Thursday, January 5, 2012
How Can They Do It and I Can't?
I'm talking about sleep! I've been reminded every day since the kids arrived home for the holidays.
Shortly after they get up, I begin my struggle to stay awake. I certainly understand that college kids stay up WELL past midnight on a regular basis so their sleep clocks are different than mine. I want/need a nap at almost the precise time they wake!
I guess I'm really bitching about sleep quality. How can they stay fast asleep for 12+ straight hours then be difficult to wake up, while I can't fall asleep, stay asleep (potty breaks) and wake up every day at the crack of dawn? While I'm at it...how does my husband's snoring not wake him up? It's truly driving me insane.
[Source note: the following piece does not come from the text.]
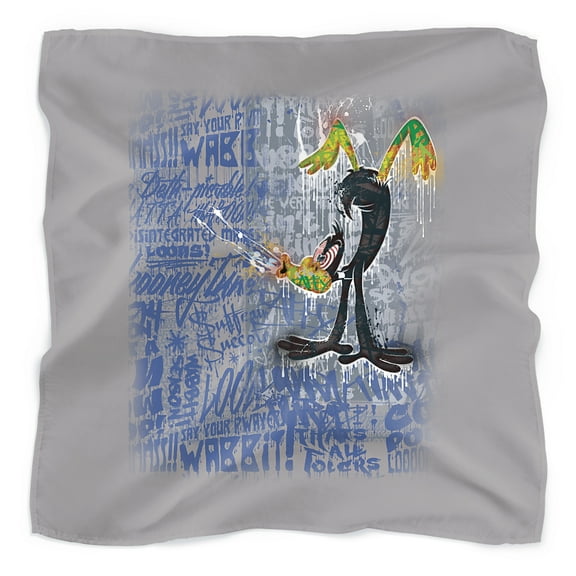 Looney Tunes Graffiti Duck Bandana (21 in x 21 in)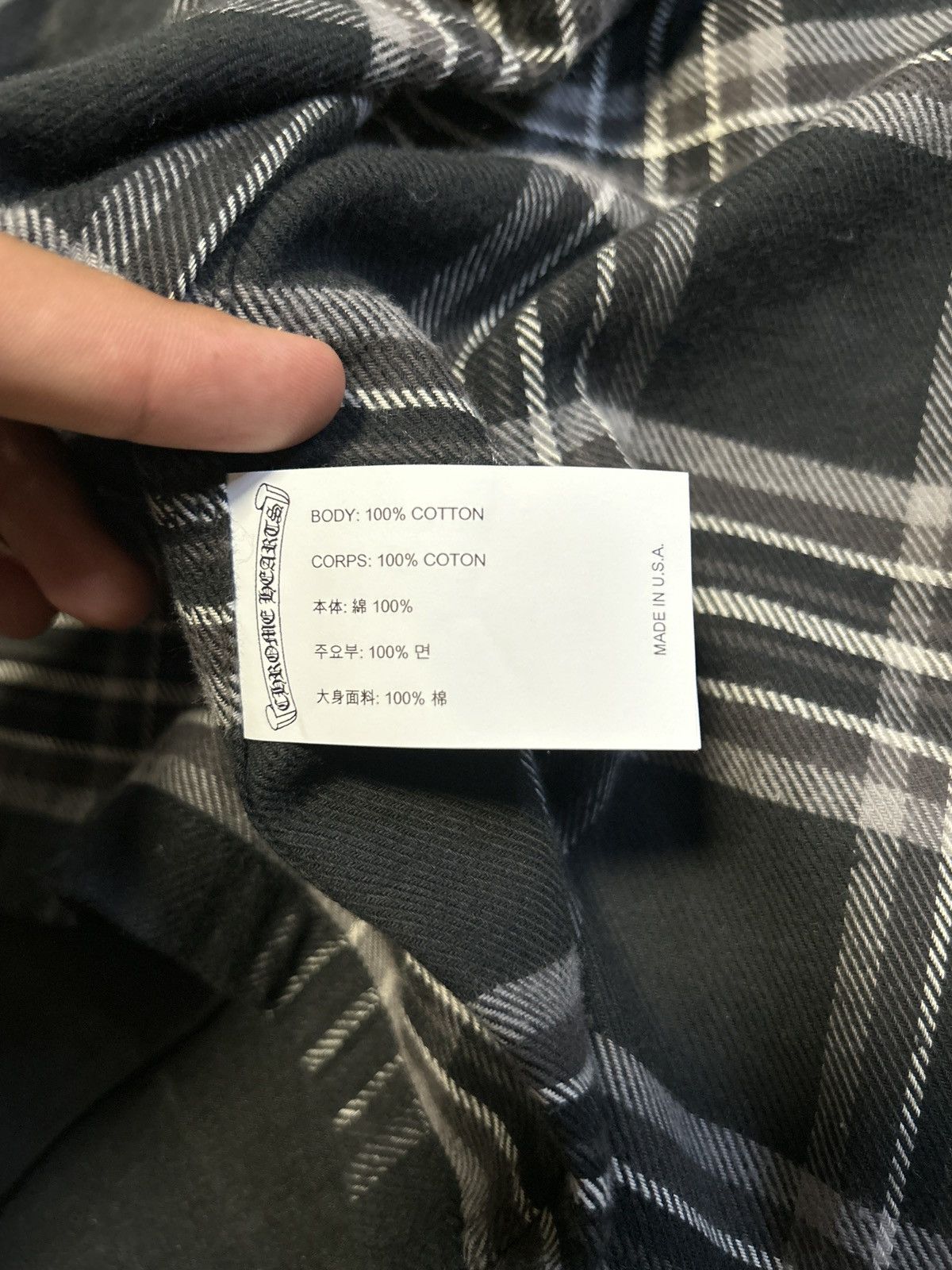 Chrome Hearts Chrome Hearts Black/Grey Plaid Flannel. Size US S / EU 44-46 / 1 - 6 Thumbnail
At times it feels like some kind of torture. Weren't prisoners sleep deprived to divulge information?
Halfway through break I thought I'd try a little something to promote family unity, at least from a timing standpoint. I began waking them at 10:00am. I didn't want them to feel like they were sleeping the day away, at least their mornings. Also, I wanted to see them and maybe plan some fun things to do because they would be leaving me again so soon.
Well, now I'm lying. I was behaving out of jealousy! What a spiteful mom I am!
I can report that "wake ups" worked for a few days. We actually did some things during the daylight hours. However, it eventually became obvious that this wouldn't work long term or even the two more weeks they'd be home. They became crabby because they were still staying up late while waking up early. I was crabby because I still wasn't sleeping.
In the end, somethings can't be changed or, at least, I failed to change them. I'm still jealous they can sleep and pissed because I can't.